The dataframe has a row for every user and days elapsed from the day of install from 0 to 29. After querying the database I do a number of operations on the dataframe:
query = """WITH max_days_elapsed AS (
SELECT user_id,
max(days_elapsed) as max_de
FROM table
GROUP BY user_id
)
SELECT table.*
FROM table
LEFT OUTER JOIN max_days_elapsed USING (user_id)
WHERE max_de = 1
AND days_elapsed < 1"""
df = read_from_db(query) #this is just a custom function to query our database
#Create features vector column
assembler = VectorAssembler(inputCols=features_list, outputCol="features")
df_vectorized = assembler.transform(df)
#Split users into train and test and assign batch number
udf_randint = udf(lambda x: np.random.randint(0, x), IntegerType())
training_users, testing_users = df_vectorized.select("user_id").distinct().randomSplit([0.8,0.2],123)
training_users = training_users.withColumn("batch_number", udf_randint(lit(N_BATCHES)))
#Create and sort train and test dataframes
train = df_vectorized.join(training_users, ["user_id"], "inner").select(["user_id", "days_elapsed","batch_number","features", "kpi1", "kpi2", "kpi3"])
train = train.sort(["user_id", "days_elapsed"])
test = df_vectorized.join(testing_users, ["user_id"], "inner").select(["user_id","days_elapsed","features", "kpi1", "kpi2", "kpi3"])
test = test.sort(["user_id", "days_elapsed"])

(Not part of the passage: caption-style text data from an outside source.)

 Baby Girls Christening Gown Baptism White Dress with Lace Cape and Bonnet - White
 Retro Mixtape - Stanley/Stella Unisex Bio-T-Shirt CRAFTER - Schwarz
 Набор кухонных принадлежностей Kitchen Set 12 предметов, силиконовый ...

The problem I am having is that I cannot seem to be able to filter on batch_number without caching train. I can filter on any of the columns that are in the original dataset in our database, but not on any column I have generated in pyspark after querying the database:
This: train.filter(train["days_elapsed"] == 0).select("days_elapsed").distinct.show() returns only 0.

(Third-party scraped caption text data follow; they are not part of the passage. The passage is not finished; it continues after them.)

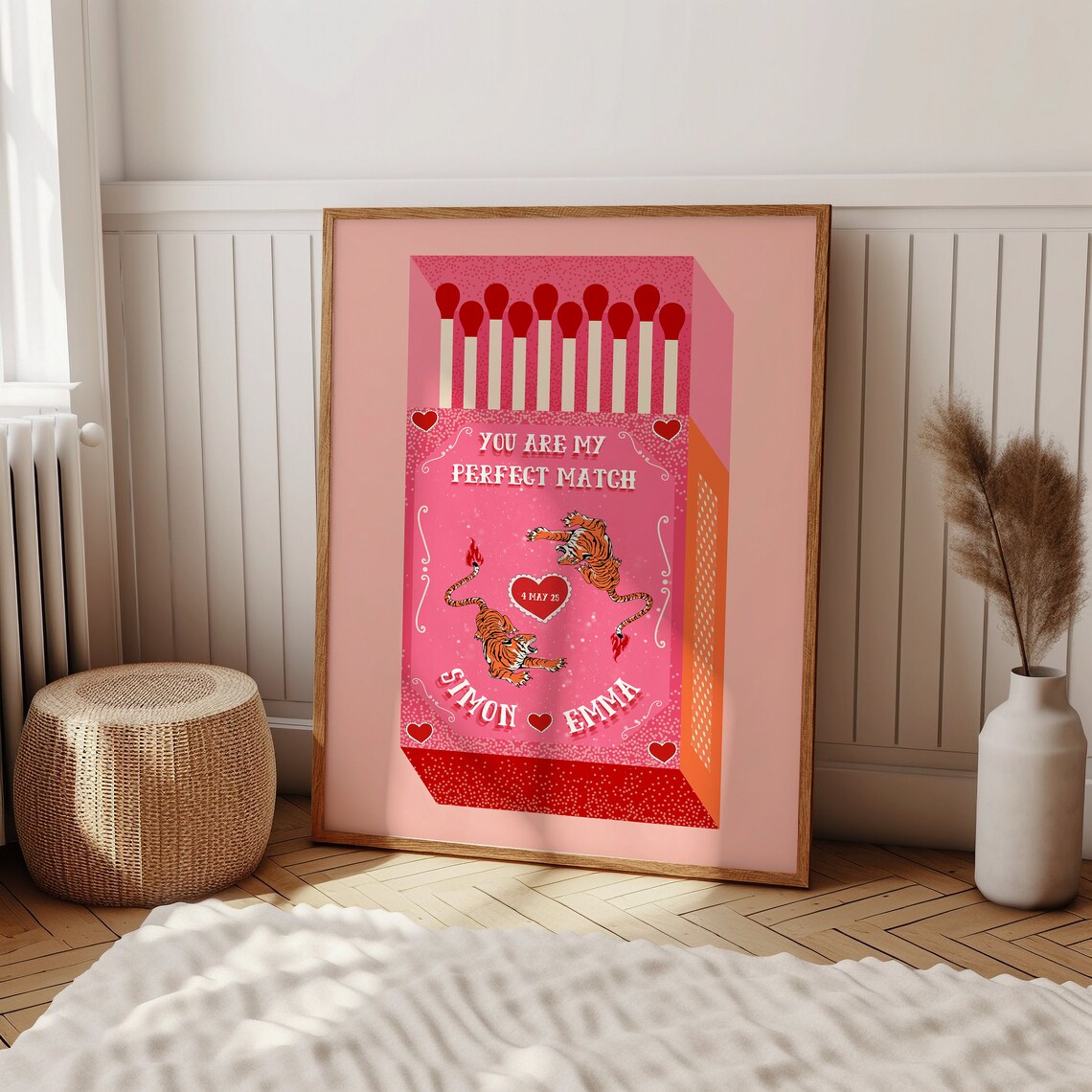 Retro Tiger Matchbox Art Print, Vintage Pink Decor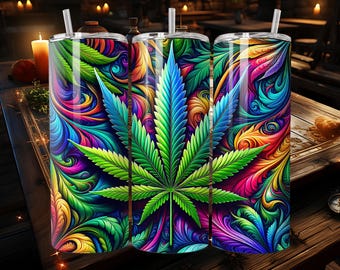 Psychedelic Marijuana Tumbler Sublimation Design – Instant Digital Download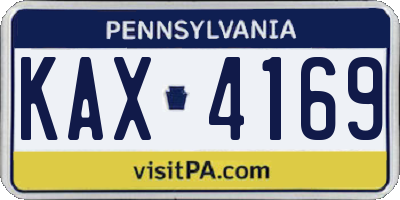 PA license plate KAX4169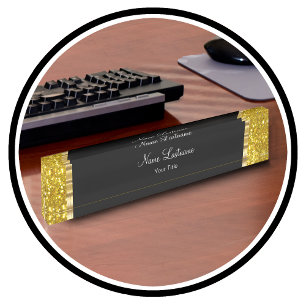 Porte-nom Pour Bureau Bureau exécutif chic d'or et de parties
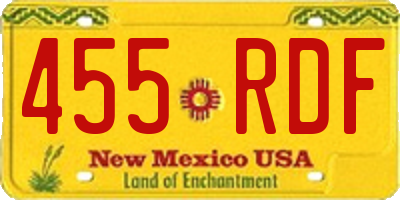 NM license plate 455RDF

But, all of these return all of the batch numbers between 0 and 9 without any filtering:
train.filter(train["batch_number"] == 0).select("batch_number").distinct().show()
train.filter(train.batch_number == 0).select("batch_number").distinct().show()
train.filter("batch_number = 0").select("batch_number").distinct().show()
train.filter(col("batch_number") == 0).select("batch_number").distinct().show()
This also does not work:
train.createOrReplaceTempView("train_table")
batch_df = spark.sql("SELECT * FROM train_table WHERE batch_number = 1")
batch_df.select("batch_number").distinct().show()
All of these work if I do train.cache() first. Is that absolutely necessary or is there a way to do this without caching?
Spark >= 2.3 (? - depending on a progress of SPARK-22629)
It should be possible to disable certain optimization using asNondeterministic method.
Spark < 2.3
Don't use UDF to generate random numbers. First of all, to quote the docs:
The user-defined functions must be deterministic. Due to optimization, duplicate invocations may be eliminated or the function may even be invoked more times than it is present in the query.
Even if it wasn't for UDF, there are Spark subtleties, which make it almost impossible to implement this right, when processing single records.
Spark already provides rand:
Generates a random column with independent and identically distributed (i.i.d.) samples from U[0.0, 1.0].
and randn
Generates a column with independent and identically distributed (i.i.d.) samples from the standard normal distribution.
which can be used to build more complex generator functions.
Note:
There can be some other issues with your code but this makes it unacceptable from the beginning (Random numbers generation in PySpark, pyspark. Transformer that generates a random number generates always the same number).